The first stars were believed to be huge, hundreds of solar masses, because the chunking process of matter had just begun. The early universe was very homogeneous — there were only tiny deviations in the smooth distribution of matter. Slowly, these deviations built up, and condensed into local pockets of gas. This process took a huge amount of time because gravity is relatively weak when there isn't already a lot of matter piled into one place.
The first stars are called "Population III" stars, in contrast to the Population II stars which came after them, and Population I stars like our Sun. These later stars have much higher metal content, which influences their dynamics in important ways. Today, a star much more massive than 150 Suns could not exist. Due to the presence of oxygen, nitrogen, and carbon in the core, hydrogen fusion reactions are catalyzed, and the star would blow itself apart before it had a chance to form.

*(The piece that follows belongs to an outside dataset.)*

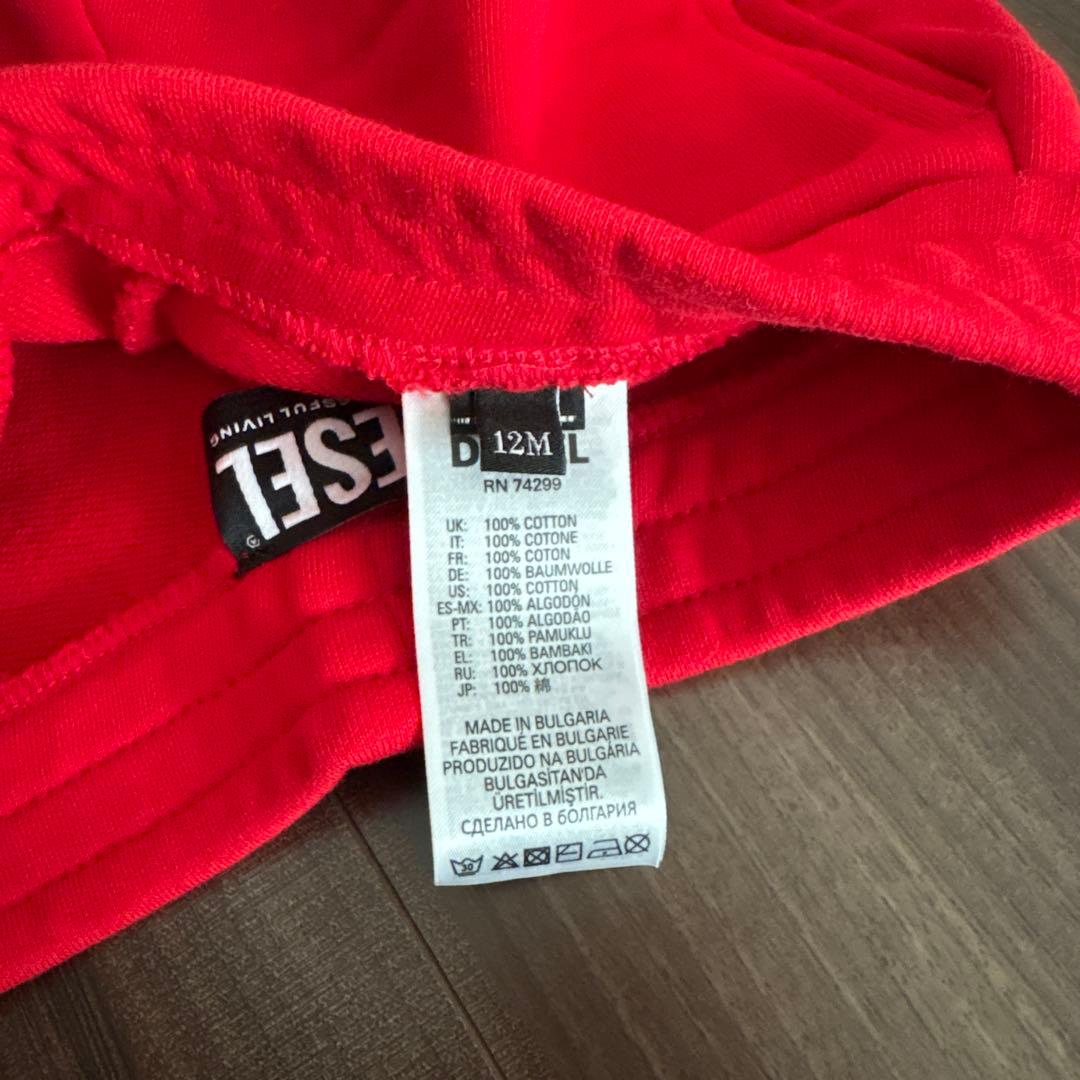 DIESEL キッズ セットアップ スウェット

But not so with the first stars. These things were massive. Scientists believe they may have caught a small glimpse of the glow of these stars using the Spitzer Space Telescope. Without heavy elements in their cores, these stars fused hydrogen using the p-p proton process, which takes a very long time. Still, due to their extreme mass, these stars would have had very dense and hot centers, accelerating the reactions. The first stars probably existed for no more than a million years. Due to their extreme distance, we probably won't be able to observe them until telescope technology improves significantly.